Saturday, February 25, 2017

Book Review: "The Covenant of Works: Its Confessional and Scriptural Basis" (Recovering Our Confessional Heritage)

Author Richard Barcellos has given us a small, informative primer, The Covenant of Works: Its Confessional and Scriptural Basis. You may already think you have a good theological understanding of the COW however Barcellos brings out numerous historical and theological aspects as they relate to the Second London Confession of Faith of 1689 and as the 2LCF relates to the Westminster Standards (Confession, Larger and Shorter Catechisms).

The author reviews the history of the LCF with a definition of the COW - good stuff.  And though I disagree with some of the content, there is valuable information that can be gleaned and used for further study. At only 137 pages, this could be read quickly and used to kick start a study of the subject.

However, what I thought was going to be an interesting and informational book on the Covenant of Works turned out to be a difficult read. The book is chock full of parenthetical statements and references making the flow difficult and a time consuming read. Though well footnoted, numerous foot notes simply refer to the reader to the author's other books for fuller explanations. At times, as in chapter one, lesser known Latin theological terms are defined as a preface to what follows (well done), other terms are not defined and it leaves me wondering who the intended audience is. It appears to be written for the layperson but with the difficulties outlined above, I'm unsure if a good, introductory grasp of the COW can be obtained. A different,  more helpful approach to the subject could have been taken. A larger, but yet still slim volume eliminating the issues outlined above would have made this a much better read.

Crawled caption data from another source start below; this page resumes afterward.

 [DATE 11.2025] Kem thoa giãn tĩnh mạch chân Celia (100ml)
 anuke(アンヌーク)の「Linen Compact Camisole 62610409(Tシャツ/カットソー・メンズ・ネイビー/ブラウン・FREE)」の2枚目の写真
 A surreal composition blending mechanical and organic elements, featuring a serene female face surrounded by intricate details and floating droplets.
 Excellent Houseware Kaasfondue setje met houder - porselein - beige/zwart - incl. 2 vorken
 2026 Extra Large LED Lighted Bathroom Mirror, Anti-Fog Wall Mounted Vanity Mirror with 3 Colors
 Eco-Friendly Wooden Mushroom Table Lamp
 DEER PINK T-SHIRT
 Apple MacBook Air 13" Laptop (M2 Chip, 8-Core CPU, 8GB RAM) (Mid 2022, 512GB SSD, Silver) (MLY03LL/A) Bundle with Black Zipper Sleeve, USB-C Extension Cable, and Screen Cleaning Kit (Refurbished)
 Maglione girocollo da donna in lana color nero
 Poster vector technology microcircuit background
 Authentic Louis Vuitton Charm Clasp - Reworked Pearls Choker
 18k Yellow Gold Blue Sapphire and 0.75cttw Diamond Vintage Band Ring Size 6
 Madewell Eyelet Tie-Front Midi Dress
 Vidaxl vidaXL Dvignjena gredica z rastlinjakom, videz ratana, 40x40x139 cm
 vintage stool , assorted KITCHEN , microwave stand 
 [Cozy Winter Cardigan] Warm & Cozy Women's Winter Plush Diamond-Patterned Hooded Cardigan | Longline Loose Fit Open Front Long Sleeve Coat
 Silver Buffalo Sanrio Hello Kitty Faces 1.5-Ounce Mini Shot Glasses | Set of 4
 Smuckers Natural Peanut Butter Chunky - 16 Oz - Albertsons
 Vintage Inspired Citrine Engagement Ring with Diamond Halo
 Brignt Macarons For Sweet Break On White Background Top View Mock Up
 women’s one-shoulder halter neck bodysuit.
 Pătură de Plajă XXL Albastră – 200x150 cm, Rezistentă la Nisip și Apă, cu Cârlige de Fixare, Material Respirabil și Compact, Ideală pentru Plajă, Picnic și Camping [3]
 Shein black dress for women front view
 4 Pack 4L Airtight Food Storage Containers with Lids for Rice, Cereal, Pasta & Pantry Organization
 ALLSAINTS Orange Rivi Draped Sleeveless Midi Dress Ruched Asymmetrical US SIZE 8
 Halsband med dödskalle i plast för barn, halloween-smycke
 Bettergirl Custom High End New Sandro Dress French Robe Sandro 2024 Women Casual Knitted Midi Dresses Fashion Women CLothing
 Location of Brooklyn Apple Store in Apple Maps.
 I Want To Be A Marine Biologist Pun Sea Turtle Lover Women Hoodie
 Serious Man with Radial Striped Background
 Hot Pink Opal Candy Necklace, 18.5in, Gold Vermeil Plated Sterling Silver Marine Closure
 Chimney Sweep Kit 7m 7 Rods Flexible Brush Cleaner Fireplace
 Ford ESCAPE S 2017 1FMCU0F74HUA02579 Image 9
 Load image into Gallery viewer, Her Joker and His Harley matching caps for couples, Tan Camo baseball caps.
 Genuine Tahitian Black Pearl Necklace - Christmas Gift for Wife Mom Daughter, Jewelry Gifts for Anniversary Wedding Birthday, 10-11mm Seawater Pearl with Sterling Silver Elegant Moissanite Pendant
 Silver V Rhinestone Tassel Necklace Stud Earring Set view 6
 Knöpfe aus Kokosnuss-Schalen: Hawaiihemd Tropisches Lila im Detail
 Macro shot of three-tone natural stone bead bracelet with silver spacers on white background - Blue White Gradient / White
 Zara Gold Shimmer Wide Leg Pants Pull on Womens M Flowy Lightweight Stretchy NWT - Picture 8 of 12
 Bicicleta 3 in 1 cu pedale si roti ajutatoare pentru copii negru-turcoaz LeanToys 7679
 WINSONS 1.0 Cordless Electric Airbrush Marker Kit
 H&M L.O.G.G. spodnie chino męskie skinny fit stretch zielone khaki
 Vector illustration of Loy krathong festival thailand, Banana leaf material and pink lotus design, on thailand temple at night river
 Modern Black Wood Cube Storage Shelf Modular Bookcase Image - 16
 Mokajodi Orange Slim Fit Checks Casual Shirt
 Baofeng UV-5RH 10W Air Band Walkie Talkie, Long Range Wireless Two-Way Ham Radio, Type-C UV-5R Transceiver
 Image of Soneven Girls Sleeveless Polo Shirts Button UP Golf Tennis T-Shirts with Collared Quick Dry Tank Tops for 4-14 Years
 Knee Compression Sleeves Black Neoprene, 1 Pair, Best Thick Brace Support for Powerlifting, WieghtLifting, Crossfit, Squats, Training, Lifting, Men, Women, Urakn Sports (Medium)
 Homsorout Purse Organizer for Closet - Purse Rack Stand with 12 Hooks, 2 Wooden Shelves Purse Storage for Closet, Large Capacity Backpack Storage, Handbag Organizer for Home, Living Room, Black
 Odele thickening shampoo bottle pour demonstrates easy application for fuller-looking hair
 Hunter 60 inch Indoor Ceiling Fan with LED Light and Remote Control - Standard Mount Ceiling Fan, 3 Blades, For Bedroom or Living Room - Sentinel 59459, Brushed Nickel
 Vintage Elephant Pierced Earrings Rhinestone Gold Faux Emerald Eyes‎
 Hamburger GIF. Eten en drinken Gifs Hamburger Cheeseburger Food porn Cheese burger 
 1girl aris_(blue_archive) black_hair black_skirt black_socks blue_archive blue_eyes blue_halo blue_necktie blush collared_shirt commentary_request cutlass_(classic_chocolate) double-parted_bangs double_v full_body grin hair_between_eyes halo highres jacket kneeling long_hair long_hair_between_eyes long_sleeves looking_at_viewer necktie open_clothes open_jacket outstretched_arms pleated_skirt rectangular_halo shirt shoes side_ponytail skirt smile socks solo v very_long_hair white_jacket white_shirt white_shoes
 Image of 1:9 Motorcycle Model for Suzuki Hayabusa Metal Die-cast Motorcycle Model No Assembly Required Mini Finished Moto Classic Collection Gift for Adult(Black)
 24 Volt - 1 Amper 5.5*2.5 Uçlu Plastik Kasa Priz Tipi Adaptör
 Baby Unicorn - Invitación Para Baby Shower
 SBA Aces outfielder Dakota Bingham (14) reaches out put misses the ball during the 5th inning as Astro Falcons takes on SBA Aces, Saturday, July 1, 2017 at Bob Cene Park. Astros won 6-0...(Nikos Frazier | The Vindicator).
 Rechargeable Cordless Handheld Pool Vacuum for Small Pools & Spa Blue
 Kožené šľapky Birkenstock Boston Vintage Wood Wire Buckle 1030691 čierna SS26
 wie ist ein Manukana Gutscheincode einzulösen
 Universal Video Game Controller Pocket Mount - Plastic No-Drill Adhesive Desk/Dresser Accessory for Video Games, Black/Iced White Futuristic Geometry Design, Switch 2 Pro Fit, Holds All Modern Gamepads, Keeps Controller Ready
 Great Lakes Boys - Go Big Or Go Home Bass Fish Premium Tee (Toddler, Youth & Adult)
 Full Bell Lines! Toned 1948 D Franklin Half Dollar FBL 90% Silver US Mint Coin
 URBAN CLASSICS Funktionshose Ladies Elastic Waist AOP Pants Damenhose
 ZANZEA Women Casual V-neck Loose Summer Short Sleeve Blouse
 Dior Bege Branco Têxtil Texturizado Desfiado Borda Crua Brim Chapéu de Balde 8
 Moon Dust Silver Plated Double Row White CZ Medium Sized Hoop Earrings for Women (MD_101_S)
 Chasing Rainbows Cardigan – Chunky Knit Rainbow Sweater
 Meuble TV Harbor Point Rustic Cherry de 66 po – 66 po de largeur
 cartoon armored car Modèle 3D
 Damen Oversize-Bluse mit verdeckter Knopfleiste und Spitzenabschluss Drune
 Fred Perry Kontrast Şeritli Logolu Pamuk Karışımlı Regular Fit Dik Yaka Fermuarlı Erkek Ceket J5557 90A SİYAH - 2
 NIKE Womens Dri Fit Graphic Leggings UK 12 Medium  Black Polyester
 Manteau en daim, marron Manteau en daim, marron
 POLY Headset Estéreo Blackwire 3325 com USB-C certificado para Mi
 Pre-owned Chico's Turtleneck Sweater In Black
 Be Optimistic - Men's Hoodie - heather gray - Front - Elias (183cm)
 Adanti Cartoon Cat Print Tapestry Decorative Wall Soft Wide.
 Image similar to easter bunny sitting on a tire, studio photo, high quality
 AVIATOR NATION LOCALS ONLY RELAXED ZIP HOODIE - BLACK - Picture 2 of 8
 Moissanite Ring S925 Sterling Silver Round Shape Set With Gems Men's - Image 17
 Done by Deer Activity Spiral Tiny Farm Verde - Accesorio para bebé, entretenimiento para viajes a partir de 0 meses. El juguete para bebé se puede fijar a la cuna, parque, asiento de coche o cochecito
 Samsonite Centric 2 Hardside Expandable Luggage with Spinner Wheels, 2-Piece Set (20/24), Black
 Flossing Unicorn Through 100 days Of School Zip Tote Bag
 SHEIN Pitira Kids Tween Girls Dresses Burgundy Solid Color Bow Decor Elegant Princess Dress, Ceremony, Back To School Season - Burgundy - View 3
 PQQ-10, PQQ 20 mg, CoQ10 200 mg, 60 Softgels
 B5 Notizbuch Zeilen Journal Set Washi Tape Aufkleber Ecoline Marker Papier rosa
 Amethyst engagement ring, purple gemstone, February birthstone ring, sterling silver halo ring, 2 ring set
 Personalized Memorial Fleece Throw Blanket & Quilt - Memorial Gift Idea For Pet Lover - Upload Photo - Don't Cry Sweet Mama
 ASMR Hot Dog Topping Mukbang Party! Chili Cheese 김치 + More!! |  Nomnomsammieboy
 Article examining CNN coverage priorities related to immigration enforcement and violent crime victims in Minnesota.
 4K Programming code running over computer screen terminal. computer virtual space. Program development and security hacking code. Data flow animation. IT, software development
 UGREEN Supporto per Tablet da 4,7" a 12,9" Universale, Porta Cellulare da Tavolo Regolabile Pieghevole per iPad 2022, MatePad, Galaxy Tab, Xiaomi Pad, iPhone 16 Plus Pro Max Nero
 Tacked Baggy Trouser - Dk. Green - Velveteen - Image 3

My main disagreement with this volume is that I don't believe the author has made a good case for the covenant coming after Adam's creation. I would hold  to the view that Adam was created in covenant. With that statement being made, I'll leave it to the reader to decide.

Perhaps, as the author states in his conclusion, this book can function as a launch pad for further study. I suggest this to be the case as I was left with more questions unanswered rather than answered.

The author has provided a complimentary copy of this book. The views expressed are my own.